- Data excerpts -

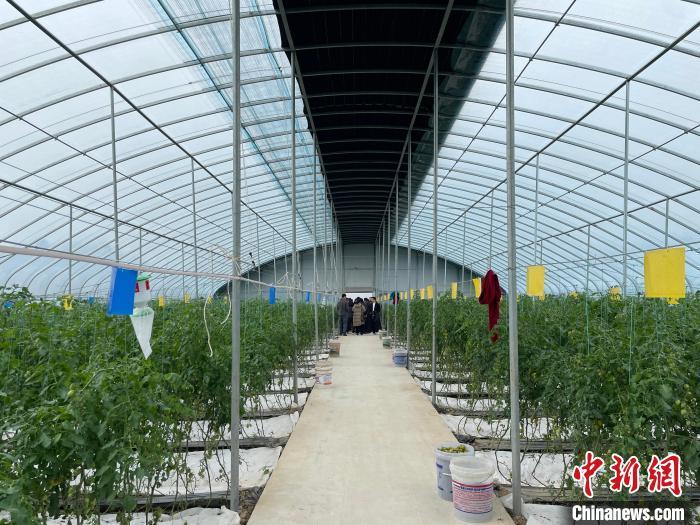 图为现代蔬菜种植大棚内部。中新社记者 张斌 摄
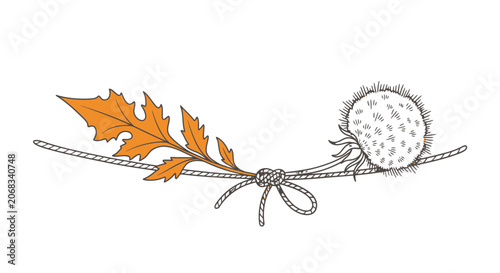 Detailed Illustration of Oak Leaf and Acorn.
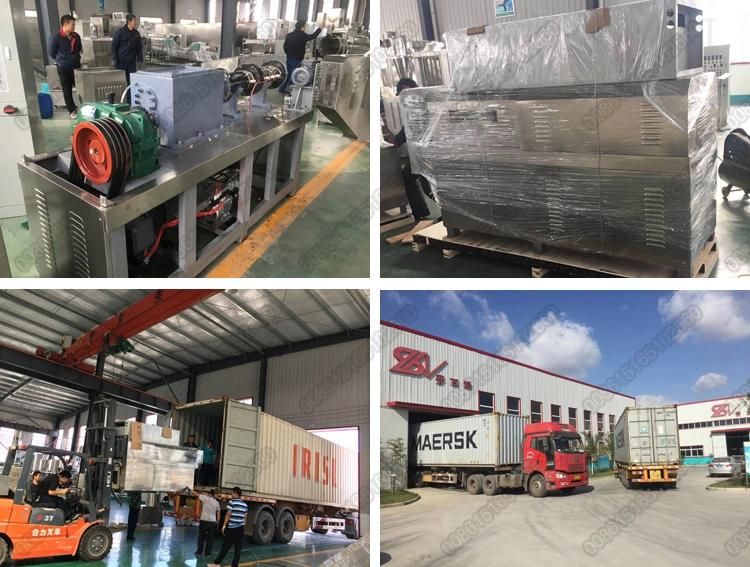 Saibainuo Extrusion Technology of Bread Crumb Making Machine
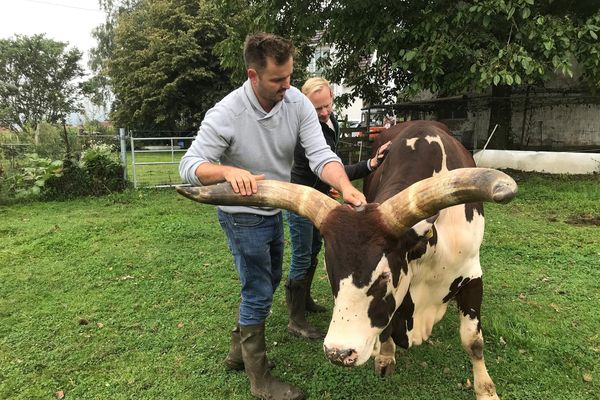 Alexis Deck et Simon Krückel font une beauté à Hugo, le taureau Watusi qui vit chez eux en compagnie de Lola, femelle de la même race. 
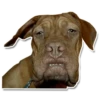 DogStyle 23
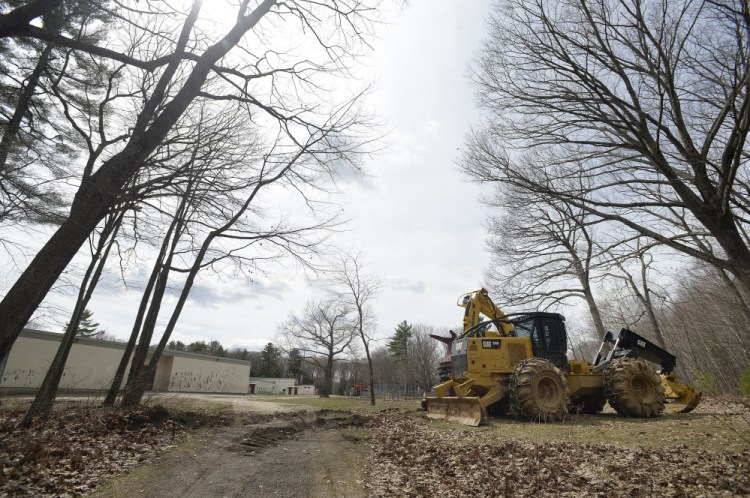 Logging will take place to make way for the new Hall Elementary School entrance in Portland.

- To do -
For this exercise, set down the lines in the entries above from the one with "Detailed Illustration of Oak Leaf and Acorn." through the one with "DogStyle 23" exactly as written, without any pictures.

- Your response -
 Detailed Illustration of Oak Leaf and Acorn.
 Saibainuo Extrusion Technology of Bread Crumb Making Machine
 Alexis Deck et Simon Krückel font une beauté à Hugo, le taureau Watusi qui vit chez eux en compagnie de Lola, femelle de la même race. 
 DogStyle 23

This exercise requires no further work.